## INPUT DATA
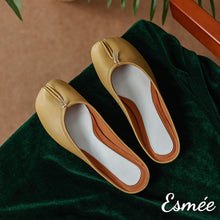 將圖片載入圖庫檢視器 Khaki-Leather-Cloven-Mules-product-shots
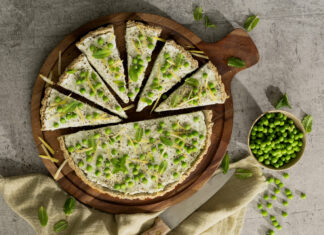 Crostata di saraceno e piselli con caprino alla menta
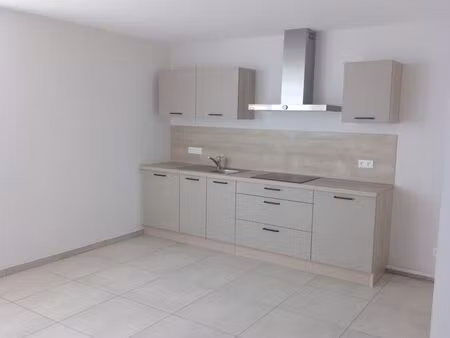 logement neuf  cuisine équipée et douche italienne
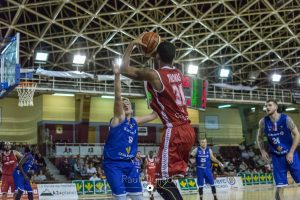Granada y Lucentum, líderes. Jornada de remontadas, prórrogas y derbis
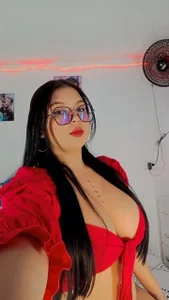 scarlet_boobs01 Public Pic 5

---

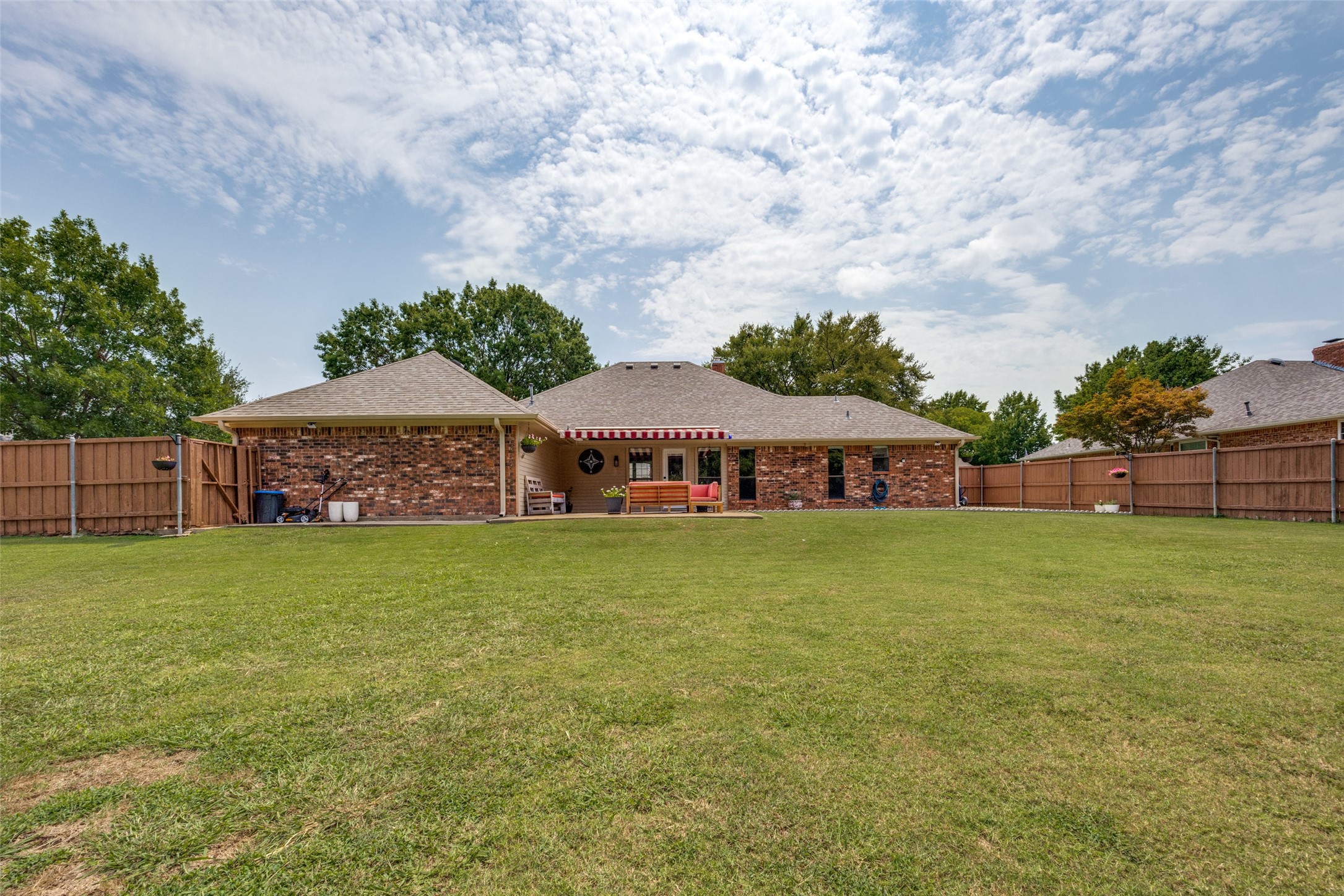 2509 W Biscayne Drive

--

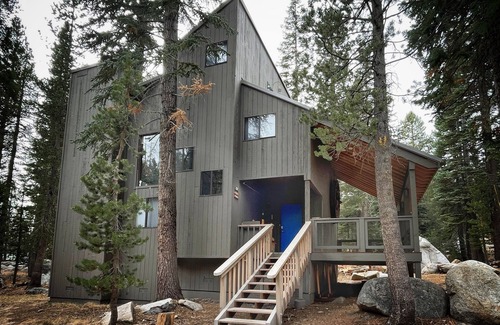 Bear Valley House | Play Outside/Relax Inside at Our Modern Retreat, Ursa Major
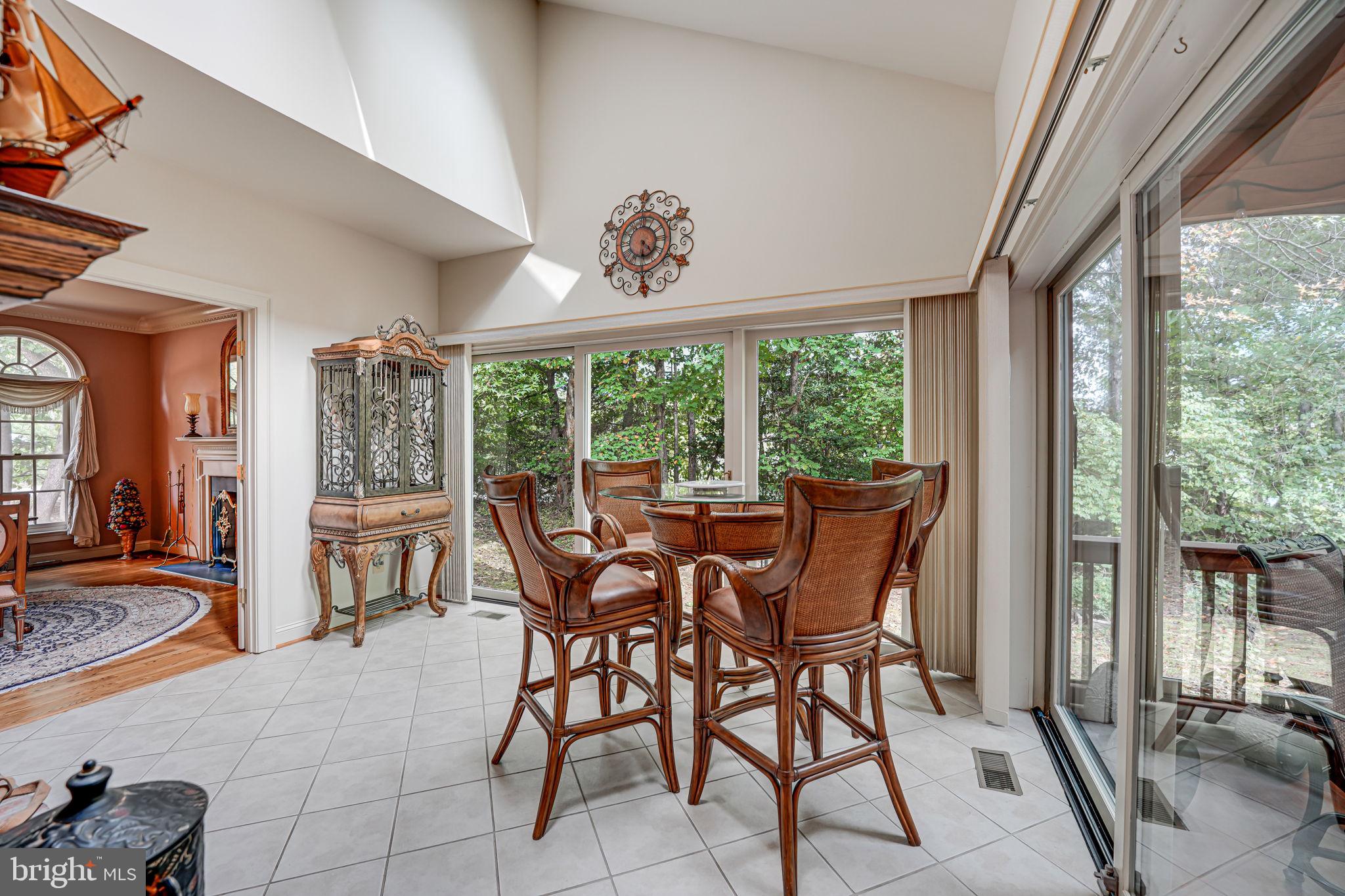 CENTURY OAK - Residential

## PROBLEM REQUIREMENTS
Write down exactly what the lines above say, from the line holding "將圖片載入圖庫檢視器 Kha" through the line holding "scarlet_boobs01 Public Pic 5", and nothing more. Do not copy the pictures.

## PROBLEM SOLUTION
 將圖片載入圖庫檢視器 Khaki-Leather-Cloven-Mules-product-shots
 Crostata di saraceno e piselli con caprino alla menta
 logement neuf  cuisine équipée et douche italienne
Granada y Lucentum, líderes. Jornada de remontadas, prórrogas y derbis
 scarlet_boobs01 Public Pic 5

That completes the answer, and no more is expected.